Livaneli, Elia Kazan’ın 1950’li yıllarını anlatırken hikayenin yolu 1953 Amasya’sından geçiyor:

“Benim de küçük bir çocuk olarak yaşadığım bir Stalin anım vardı. İlkokul birinci sınıftayken bütün öğrencileri sokaklara çıkarmışlar, ‘Stalin Cehenneme!’ diye bağırtarak tören düzeni içinde yürütmüşlerdi! Akşama kadar bağırmaktan sesimiz kısılmıştı. Cehennem hakkında biraz bilgimiz olsa bile Stalin kelimesinin ne anlama geldiğine dair en ufak bir fikrimiz yoktu. Çok sonra anlayacaktım, Stalin’in kim olduğunu ve öldüğünün açıklandığı gün bizi niye öyle yürüttüklerini…”

Peki ya Fatih Sultan Mehmet’in bu yolculuktaki yeri ne o zaman?

Sözü Livaneli’ye bırakmak en iyisi:

“1453’te Kostantinapol’ü Türkler aldığı zaman Roma medeniyeti sona ermedi. Sultan Mehmet, Yeni Roma İmparatoru oldu. Zaten resmi unvanı da Kayser-i Rum idi. Yani Roma Sezar’ı. Çok iyi Yunanca ve Latince biliyordu. Homeros’u okuduktan Truva’ya giderek Aşil’in mezarını ziyaret etmişti. Papa Pius’a Helenlere karşı Truva’nın ve Hektor’un intikamını alacağını yazmıştı. Kendisini yetiştiren üvey annesi Mara Brankokoviç ve karısı da Ortodoks idi. Hiçbir zaman İslam’a dönmemişlerdi.

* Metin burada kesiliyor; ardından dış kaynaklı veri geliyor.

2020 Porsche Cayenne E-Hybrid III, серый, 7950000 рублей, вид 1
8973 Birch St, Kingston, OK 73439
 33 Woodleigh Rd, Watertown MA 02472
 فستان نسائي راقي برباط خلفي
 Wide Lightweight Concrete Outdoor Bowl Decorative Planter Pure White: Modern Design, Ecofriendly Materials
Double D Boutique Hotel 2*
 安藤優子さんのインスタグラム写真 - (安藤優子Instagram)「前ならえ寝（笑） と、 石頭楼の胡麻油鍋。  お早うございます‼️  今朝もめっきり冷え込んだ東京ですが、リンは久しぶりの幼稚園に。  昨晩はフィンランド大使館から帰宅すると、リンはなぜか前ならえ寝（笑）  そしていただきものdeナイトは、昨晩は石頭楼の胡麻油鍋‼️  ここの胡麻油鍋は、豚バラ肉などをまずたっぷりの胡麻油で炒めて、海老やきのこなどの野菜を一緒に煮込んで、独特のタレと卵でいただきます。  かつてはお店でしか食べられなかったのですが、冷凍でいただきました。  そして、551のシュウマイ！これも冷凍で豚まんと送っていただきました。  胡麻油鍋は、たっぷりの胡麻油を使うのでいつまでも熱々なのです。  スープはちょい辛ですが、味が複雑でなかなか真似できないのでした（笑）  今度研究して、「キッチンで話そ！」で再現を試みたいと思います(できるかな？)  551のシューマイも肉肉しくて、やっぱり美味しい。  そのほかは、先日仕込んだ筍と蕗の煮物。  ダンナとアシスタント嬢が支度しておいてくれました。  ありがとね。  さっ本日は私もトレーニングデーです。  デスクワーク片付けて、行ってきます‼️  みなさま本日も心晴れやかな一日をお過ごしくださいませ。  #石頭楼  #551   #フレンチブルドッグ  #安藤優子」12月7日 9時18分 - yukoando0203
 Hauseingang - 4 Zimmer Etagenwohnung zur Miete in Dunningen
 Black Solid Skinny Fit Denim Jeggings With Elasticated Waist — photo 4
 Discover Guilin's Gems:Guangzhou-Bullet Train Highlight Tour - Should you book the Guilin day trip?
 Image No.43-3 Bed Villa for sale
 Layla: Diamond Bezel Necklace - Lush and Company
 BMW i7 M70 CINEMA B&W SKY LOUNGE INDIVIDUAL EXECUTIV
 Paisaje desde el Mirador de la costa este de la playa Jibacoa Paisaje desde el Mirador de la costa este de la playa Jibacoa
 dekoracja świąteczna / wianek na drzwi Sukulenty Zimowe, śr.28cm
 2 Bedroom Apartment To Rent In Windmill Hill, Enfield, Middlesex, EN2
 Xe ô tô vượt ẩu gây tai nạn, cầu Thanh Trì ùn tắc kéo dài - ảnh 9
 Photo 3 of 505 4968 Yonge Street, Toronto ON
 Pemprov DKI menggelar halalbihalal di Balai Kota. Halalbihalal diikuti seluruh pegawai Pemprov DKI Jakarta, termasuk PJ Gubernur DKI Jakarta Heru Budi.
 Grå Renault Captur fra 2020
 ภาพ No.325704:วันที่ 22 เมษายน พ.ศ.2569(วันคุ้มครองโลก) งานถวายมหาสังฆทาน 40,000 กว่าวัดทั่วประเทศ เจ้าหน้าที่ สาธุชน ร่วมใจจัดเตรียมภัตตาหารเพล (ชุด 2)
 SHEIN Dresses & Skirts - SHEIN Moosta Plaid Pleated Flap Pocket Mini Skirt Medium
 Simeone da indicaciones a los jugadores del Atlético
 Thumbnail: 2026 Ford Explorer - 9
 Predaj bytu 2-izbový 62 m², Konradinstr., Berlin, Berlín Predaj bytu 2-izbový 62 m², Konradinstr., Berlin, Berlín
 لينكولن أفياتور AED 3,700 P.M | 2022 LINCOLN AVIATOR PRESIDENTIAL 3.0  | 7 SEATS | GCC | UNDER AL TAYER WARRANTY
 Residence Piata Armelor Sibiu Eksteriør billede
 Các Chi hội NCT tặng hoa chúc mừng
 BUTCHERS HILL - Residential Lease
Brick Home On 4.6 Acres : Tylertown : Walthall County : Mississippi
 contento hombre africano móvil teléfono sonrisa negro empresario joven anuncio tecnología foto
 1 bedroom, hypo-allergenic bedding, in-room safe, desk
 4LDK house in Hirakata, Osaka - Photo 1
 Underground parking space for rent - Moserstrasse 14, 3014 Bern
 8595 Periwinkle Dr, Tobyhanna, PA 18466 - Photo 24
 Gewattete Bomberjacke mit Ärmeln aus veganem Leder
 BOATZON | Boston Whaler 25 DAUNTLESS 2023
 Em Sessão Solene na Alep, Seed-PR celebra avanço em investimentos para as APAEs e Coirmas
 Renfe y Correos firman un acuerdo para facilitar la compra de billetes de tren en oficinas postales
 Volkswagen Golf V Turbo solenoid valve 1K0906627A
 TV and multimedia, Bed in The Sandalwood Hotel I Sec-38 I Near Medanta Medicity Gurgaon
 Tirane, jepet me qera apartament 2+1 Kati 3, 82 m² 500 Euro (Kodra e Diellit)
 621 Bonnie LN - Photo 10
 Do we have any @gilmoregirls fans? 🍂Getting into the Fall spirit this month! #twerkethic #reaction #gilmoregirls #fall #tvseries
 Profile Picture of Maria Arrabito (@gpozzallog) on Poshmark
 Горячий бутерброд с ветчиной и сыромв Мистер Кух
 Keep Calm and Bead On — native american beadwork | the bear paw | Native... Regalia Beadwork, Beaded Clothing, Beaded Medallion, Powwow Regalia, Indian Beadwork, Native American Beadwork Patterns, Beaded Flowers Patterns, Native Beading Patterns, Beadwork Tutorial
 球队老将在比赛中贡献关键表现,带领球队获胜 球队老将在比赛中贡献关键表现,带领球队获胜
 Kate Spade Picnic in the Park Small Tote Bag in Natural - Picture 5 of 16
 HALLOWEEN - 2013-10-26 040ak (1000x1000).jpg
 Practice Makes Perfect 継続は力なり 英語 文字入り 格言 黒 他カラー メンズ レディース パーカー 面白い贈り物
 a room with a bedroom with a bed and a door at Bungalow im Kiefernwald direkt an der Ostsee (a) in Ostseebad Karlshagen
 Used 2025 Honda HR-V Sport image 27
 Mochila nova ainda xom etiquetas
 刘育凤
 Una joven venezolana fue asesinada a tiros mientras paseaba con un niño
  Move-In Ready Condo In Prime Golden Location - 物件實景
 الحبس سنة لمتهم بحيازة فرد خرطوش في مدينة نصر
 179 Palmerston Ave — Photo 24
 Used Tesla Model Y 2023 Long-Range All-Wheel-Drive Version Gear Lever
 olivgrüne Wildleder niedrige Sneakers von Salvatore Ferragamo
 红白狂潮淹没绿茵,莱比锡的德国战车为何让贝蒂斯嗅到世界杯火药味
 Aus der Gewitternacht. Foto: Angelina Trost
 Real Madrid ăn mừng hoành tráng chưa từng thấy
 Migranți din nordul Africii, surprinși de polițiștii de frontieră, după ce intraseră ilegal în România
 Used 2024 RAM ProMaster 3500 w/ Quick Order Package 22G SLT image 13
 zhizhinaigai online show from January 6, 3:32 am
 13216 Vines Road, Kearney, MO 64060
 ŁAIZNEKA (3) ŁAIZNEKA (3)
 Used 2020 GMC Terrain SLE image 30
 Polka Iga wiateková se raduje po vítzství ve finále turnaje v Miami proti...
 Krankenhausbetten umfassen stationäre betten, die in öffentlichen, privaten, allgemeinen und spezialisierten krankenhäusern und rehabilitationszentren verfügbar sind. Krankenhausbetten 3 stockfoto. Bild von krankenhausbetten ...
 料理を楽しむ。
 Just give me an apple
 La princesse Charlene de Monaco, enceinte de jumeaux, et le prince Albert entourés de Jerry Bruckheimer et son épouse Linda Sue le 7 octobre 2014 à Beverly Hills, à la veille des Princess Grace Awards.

Savaşırken elde kılıç ile ölen Kostantin Paleolog’un iki yeğeni –ki zamanı gelince Bizans İmparatoru olabilirlerdi- Sultan Mehmet tarafından vezir yapıldılar. Mehmet öldüğünde kendisini Büyük Kostantin Justinianos , Theodora, Zoe ve diğerlerinin yattığı yere gömdürdü. Hristiyan karısını da…”

Elia ile Yolculuk sırasında Livaneli bu bilgileri büyük arkadaşına anlatıyor. O da tam bir Anadolu içtenliğiyle teşekkür ediyor:

-Eee niye anlatıyorsun bunları bana? Ben tarihle ilgilenmem!

•••

Kitapta bunlar gibi daha pek çok özel bilgiler yer alıyor. Kitapları yazıp-çizerek okuyanlardan olsanız bile yolculuk üzerinde sıklıkla mola yerlerine dönmeniz gerekir.

Kitabın sihrini bozmak istemem onun için tadımlık bir alıntı yapmakla yetiniyorum. Okurken aklıma hep şu geldi: Son yıllarda yaygınlık kazanan “Yaratıcı Yazarlık Atölyeleri” adlı faydalı etkinliklerde Livaneli metinlerinden yeterince istifade ediliyor mu, bilmiyorum. Ama bu çalışmalara katılama imkanı olmayanlar fazla üzülmesinler. Zülfü Livaneli kitapları yazarlık hakkında çok fazla deney aktarıcı özelliğe sahip…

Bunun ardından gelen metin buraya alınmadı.